Tracing

Tracing is both a specific kind of observability and a Rust crate that enables it.

  • tracing: the core emitter library. Use this to output events for subscribers to collect.
  • tracing-subscriber: the core collector library. Use this to actually serialize the events and spans you generate. tracing-subscriber has a couple default subscribers to check out. It also defines the necessary traits needed to implement your own.
  • tokio's tracing intro. (tracing is a part of the broader tokio project.)

Tracing: the Practice

Tracing is all about the observability of per-event data (stolen borrowed from Brendan Gregg). It's not about measuring the overall memory usage of your process over time. It's not about whether your disk is full. Both of those examples are about high-level system resource monitoring.

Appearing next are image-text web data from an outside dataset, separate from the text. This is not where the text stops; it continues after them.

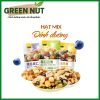 Hạt Dinh Dưỡng Tẩm Vị Mix Trái Cây Sấy3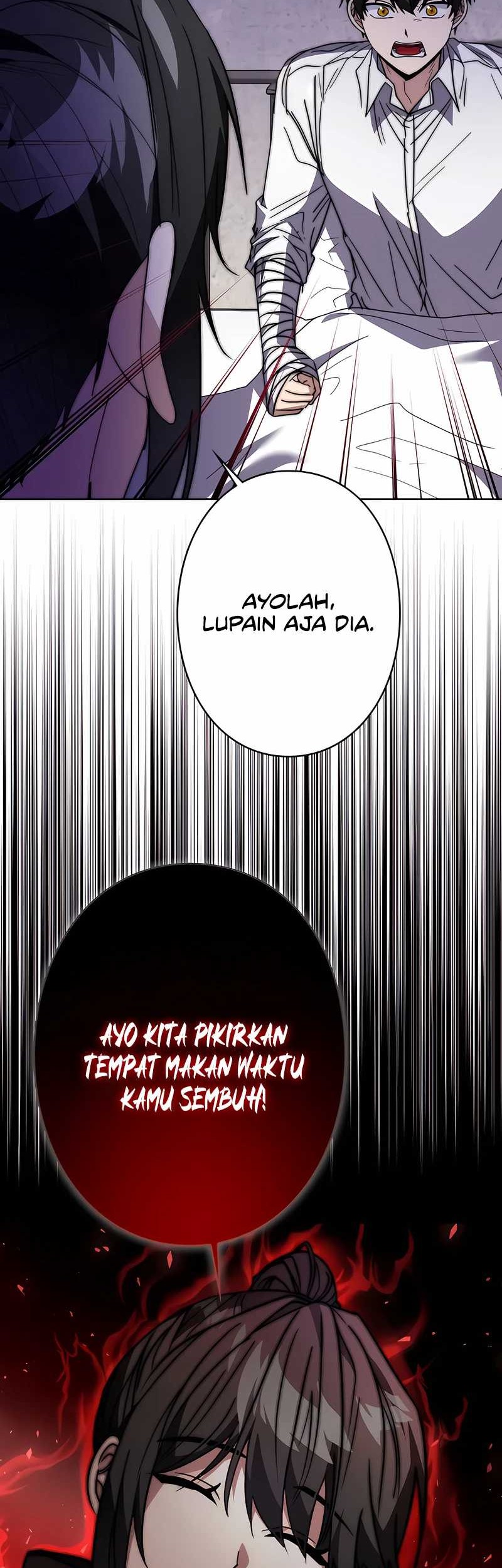 Love Letter From The Future Chapter 10 - halaman 56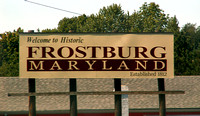 Frostburg, Maryland 2005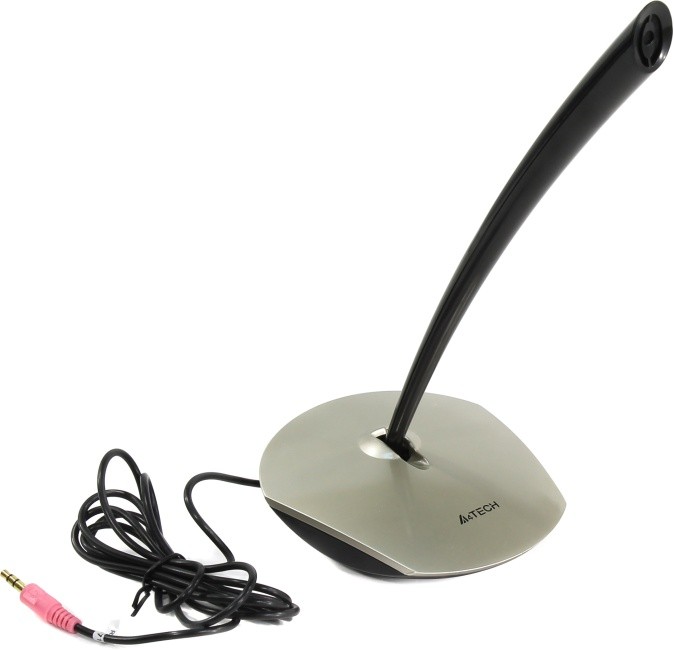 Микрофон A4 Tech MI-10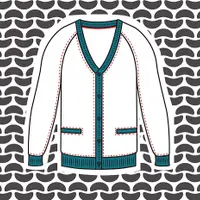 Вязание в деталях-2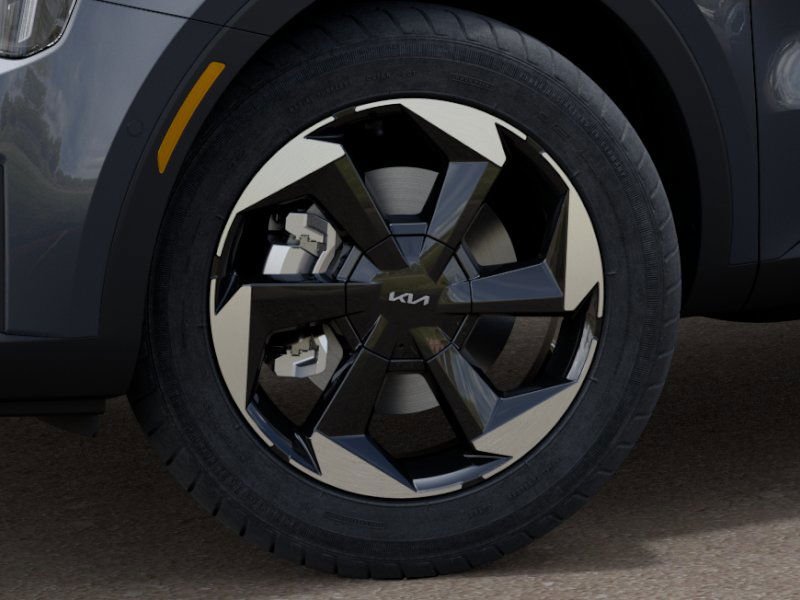 2025 Kia Sorento SX 7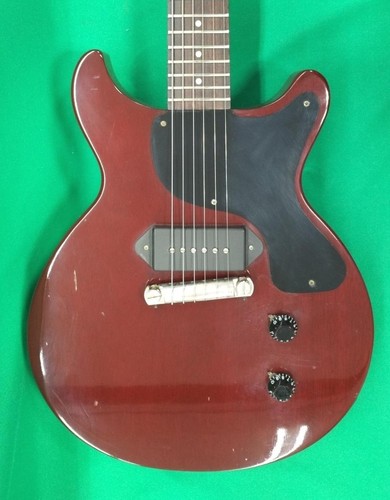 Chitarra gibson custom shop - chitarra,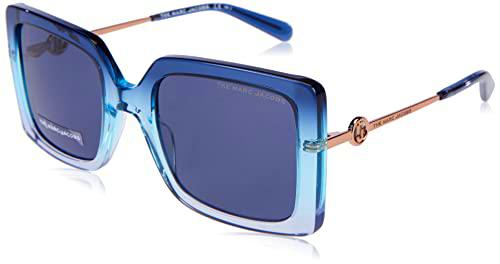 Marc Jacobs Marc 579/S Gafas, ZX9, 54 para Mujer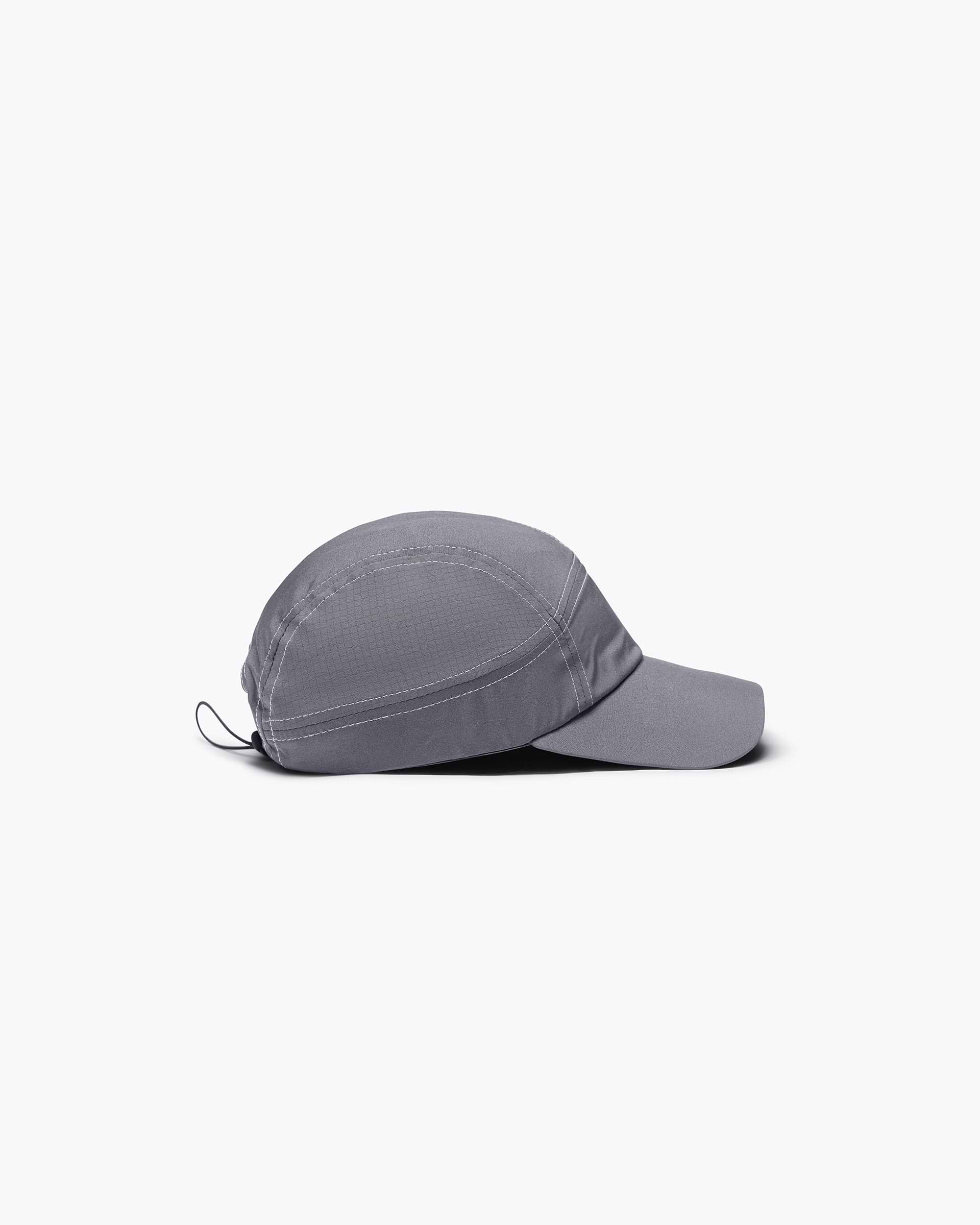 247 Sydney Cap - Washed Grey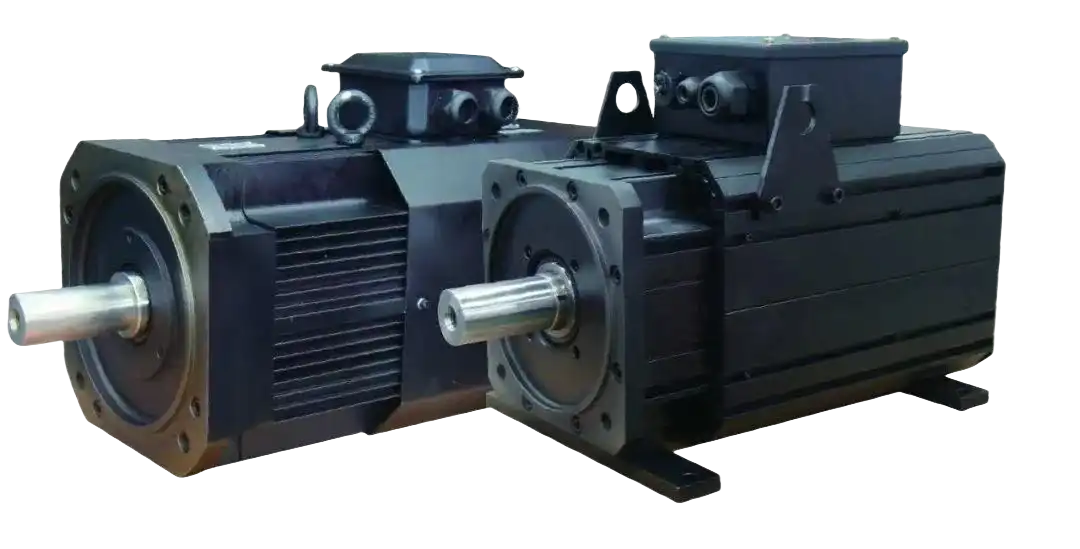 Synchronous Motor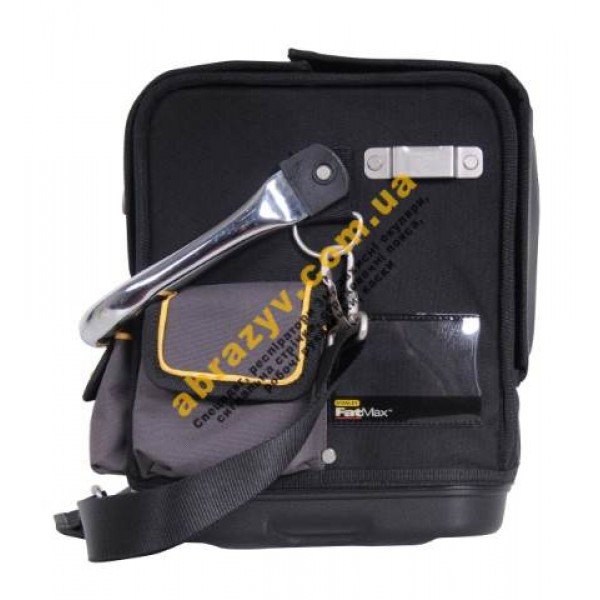 Сумка сантехніка STANLEY FatMax Plumber Bag FMST1-70719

Tracing is all about events, and sometimes aggregations over events. How many bytes were in the payload for this request? What was the distribution of payload sizes last month? Tracing helps to answer these questions.

Most applications can be understood as a series of discrete events. Often these events are logically independent. Any request-reply application is trivially event-based. The events are the request-reply pairs.

But even something less obviously event-based can still benefit from drawing certain boundaries to encapsulate "events'. Let's say our application is training a neural network. I would anticipate eventually wanting insight into the training process. What sort of "event data" would be helpful here? I might choose individual trainig epochs as the beginnings of new events. The events would then last until the next epoch, and they would contain summary statistics about the performance of that mini training run and the parameters used.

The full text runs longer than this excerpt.